Aún con todo, el principal peligro que supone la imposición de barreras arancelarias, y especialmente cuando se hace con ánimo declarado de castigar a una enorme potencia como es China, es el estallido de una guerra comercial a gran escala. La tentación política de responder a la agresión mercantilista con medidas similares, a pagar con la misma moneda, es demasiado elevada para que un gobernante pueda resistirla. En esta ocasión, China no ha tardado en anunciar sus represalias: ya ha comunicado que también ellos impondrán un arancel del 25% sobre 50 mil millones de dólares de importaciones de productos americanos, incluidos automóviles, aeronaves, productos químicos y bienes agrícolas. Las autoridades chinas han sido claras al respecto: “China no tiene miedo y no retrocederá en una guerra comercial”. Trump no ha tardado en contestar que están considerando elevar sus aranceles hasta cubrir 100 mil millones adicionales en productos chinos.

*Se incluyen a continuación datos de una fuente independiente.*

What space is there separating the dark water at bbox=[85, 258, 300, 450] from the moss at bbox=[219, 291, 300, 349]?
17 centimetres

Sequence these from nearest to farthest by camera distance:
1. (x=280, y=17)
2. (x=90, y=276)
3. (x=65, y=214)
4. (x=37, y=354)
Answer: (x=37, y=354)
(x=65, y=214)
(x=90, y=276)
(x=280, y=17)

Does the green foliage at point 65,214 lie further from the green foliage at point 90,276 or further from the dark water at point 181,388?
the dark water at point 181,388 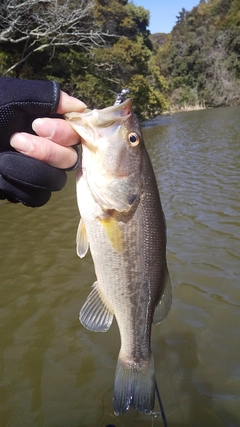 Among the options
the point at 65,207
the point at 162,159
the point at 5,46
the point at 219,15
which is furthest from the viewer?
the point at 219,15

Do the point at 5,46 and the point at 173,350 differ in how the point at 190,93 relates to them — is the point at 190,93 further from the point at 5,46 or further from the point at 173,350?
the point at 173,350

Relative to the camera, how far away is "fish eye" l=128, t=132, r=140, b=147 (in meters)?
2.09

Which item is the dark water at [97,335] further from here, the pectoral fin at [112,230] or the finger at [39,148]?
the finger at [39,148]

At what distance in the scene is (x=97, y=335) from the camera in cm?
394

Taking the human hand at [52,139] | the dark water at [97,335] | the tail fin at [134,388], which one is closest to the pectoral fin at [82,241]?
the human hand at [52,139]

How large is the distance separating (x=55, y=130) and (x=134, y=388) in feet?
4.92

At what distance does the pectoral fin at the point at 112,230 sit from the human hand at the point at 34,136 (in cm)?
35

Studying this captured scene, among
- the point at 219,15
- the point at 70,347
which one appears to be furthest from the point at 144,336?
the point at 219,15

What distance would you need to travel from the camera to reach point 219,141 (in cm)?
1644

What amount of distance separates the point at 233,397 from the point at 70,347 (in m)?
1.64

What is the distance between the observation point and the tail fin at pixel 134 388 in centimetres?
200

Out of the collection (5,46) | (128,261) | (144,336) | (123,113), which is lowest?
(144,336)

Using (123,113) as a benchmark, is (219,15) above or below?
above

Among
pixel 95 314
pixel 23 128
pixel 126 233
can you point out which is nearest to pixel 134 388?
pixel 95 314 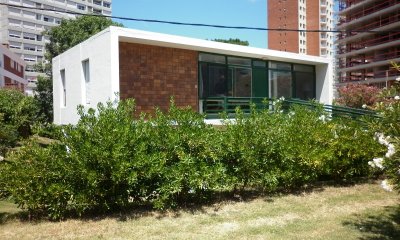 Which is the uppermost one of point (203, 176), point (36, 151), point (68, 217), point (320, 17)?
point (320, 17)

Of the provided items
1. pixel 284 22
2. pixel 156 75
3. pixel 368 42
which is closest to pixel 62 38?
pixel 156 75

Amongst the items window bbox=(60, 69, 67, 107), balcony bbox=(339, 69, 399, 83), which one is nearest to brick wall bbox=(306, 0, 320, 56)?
balcony bbox=(339, 69, 399, 83)

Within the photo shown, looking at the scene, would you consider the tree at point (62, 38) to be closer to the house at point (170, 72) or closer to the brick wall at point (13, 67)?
the house at point (170, 72)

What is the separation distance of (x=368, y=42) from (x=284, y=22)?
152ft

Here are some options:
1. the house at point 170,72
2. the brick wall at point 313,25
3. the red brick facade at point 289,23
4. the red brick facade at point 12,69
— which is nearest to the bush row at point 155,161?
the house at point 170,72

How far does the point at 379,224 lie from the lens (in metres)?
6.31

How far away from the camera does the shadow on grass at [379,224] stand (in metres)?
5.79

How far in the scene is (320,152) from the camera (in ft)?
28.0

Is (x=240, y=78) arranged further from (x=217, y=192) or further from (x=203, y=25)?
(x=217, y=192)

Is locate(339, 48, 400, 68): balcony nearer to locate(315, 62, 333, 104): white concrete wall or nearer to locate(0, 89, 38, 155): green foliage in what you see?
locate(315, 62, 333, 104): white concrete wall

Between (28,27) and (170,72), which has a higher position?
(28,27)

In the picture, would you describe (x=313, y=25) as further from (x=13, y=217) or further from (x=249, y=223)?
(x=13, y=217)

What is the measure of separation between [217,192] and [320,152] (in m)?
2.39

Una guerra comercial como la que podría desencadenarse en caso de que ambas partes no acaben reculando tendría unas nefastas consecuencias para ambas partes, provocando una inmensa destrucción de riqueza en todo el mundo. Donald Trump publicó recientemente en Twitter que “las guerras comerciales son buenas, y fáciles de ganar”. Es posible que políticos nacionalistas como Trump tengan algo que ganar, en términos electorales, entrando en una guerra comercial. Tal vez incluso los grupos de presión próximos a la Casa Blanca también puedan ganar algo. Pero sería a costa de imponer a los ciudadanos la injusta y empobrecedora tragedia del proteccionismo. La guerra comercial supone poner rumbo hacia la dirección incorrecta, hacia el aislacionismo comercial. Es un mazazo contra la gallina de los huevos de oro, la globalización y el libre comercio, que lleva décadas generando un progreso económico sin precedentes en la historia de la Humanidad. No, las guerras comerciales no son buenas ni son fáciles de ganar: son malas y en ellas la inmensa mayoría de las personas salen perdiendo.